Cuatro años. Qué pronto se dice y qué agonizante es la espera cuando miras cada día la foto de tu rival, con mirada asesina y oliendo la sangre, deseando darle caza. Casi un lustro ha esperado el batallón del comandante Arjen para galopar sobre el primeramente miedoso, posteriormente decadente y, por último, moribundo combinado español, roto en la sala de máquinas, falto de engrase, presión y trabajo en la recuperación; errado tanto en la selección de pases como a la hora de definir y, siendo generoso, el más absoluto de los bochornos en defensa. Van Gaal, probablemente de los técnicos más infravalorados y poco respetados en España, se coronó combinando la juventud de la zaga (de Vrij se ha doctorado e incluso se ha permitido el lujo de batir a un Casillas que no recuerda noche tan negra desde, por lo menos, el 5-0 del Camp Nou), la experiencia del medio campo y la genialidad de la pareja Robben-Van Persie, incordio constante para un Piqué, del que nunca más se supo tras Sudáfrica, un Ramos exageradamente fuera de tono a pesar de su genial final de temporada y un Íker con fallos más propios de pachanga de domingo que de cita en Brasil.
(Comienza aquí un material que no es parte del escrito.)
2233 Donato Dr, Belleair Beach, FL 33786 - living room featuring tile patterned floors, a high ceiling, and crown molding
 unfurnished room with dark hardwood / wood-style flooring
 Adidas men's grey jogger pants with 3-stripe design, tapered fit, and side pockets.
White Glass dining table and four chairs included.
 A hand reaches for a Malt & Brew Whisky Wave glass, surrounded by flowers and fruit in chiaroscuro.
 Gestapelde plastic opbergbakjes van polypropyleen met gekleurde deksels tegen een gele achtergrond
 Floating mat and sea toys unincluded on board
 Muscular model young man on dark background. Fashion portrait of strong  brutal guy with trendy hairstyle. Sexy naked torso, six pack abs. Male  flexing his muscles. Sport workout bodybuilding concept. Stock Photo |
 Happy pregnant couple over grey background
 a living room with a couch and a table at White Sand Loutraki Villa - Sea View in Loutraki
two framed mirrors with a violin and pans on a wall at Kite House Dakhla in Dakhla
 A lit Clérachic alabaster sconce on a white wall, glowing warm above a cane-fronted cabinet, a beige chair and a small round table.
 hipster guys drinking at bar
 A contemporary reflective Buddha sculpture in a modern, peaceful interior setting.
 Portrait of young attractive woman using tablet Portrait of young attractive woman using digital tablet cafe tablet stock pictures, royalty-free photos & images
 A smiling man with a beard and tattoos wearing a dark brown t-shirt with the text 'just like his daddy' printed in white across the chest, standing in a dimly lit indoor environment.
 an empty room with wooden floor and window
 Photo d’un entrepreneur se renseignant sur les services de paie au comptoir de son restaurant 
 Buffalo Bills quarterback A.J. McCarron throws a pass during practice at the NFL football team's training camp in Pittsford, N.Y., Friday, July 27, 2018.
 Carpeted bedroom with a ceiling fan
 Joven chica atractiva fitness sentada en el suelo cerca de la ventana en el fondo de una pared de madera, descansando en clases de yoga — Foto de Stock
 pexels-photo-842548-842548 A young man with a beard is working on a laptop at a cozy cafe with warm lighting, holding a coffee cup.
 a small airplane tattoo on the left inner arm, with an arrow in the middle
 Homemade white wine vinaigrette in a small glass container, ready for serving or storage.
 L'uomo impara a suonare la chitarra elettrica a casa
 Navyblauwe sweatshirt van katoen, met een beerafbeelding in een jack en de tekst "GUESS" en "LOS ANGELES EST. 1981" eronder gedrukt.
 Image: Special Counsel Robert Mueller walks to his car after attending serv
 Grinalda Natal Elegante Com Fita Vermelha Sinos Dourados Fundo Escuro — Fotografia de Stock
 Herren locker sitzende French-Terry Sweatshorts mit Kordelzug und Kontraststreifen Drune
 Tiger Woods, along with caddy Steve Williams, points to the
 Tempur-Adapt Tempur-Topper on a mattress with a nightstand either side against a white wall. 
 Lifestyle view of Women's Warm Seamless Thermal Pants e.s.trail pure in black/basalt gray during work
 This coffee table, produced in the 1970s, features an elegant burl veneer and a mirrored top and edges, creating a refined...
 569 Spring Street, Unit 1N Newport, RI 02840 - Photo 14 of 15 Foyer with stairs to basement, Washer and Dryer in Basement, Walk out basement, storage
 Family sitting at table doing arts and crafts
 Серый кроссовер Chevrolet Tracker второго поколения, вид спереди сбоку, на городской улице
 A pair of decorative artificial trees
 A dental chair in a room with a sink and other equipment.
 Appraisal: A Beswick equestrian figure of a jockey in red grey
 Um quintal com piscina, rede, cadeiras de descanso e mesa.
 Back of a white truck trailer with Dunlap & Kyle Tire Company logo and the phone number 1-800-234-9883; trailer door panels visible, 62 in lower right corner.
No fue siquiera la novedosa inclusión de Diego Costa, penalty inexistente aparte, un incordio para los de Van Gaal, que controlaron en todo momento la alternativa del pase largo que ofrecía el hispanobrasileño como punta. De hecho, fueron Silva primero tras una fenomenal asistencia de Iniesta, y Torres mucho después los que llevaron el peligro de la Roja, mucho más Furia hoy que en los 6 años anteriores. No ayudó a controlar el partido la sustitución de Alonso por Pedro, pues como ya pasó en la clasificación contra Francia, Busquets tuvo que ejercer toda la contención frente al tremendo vendaval de tulipanes en la zona de tres cuartos, lo que se tradujo en que España pasó de ser el rival a batir a un mero juguete al que Holanda se planteaba si destrozar en mayor o menor medida, porque fueron cinco, pero no engañamos a nadie al decir que pudieron ser el doble si, a botepronto, recordamos el fallo inicial de Sneijder, el cañonazo al larguero de Van Persie o la parada a última hora de Casillas ya con el 1-5 en el marcador.

Quizá lo verdaderamente preocupante de cara al próximo rival fuerte que se avecina, Chile, no es tanto el resultado sino la sensación, tan lejana como opuesta de aquella derrota contra Suiza que tuvo más sabor a accidente que a la indolencia de esta noche. Solo una derrota de esta magnitud permitirá a España saber el nivel de convicción y de fe en sí mismos que tienen, y deberán hacer oídos sordos al aluvión de críticas, reproches y caras largas del que serán víctimas a pesar de haber escrito en letras de oro la etapa más brillante de su historia y habernos hecho testigos. Es cierto que no podemos vivir del pasado, pero también es cierto que el crédito aun no se les ha acabado, que la poderosa y física Chile de Alexis y Vidal es el clavo ardiendo al que aferrarse, la próxima estación del camino y que, con esta generación, soñar está permitido.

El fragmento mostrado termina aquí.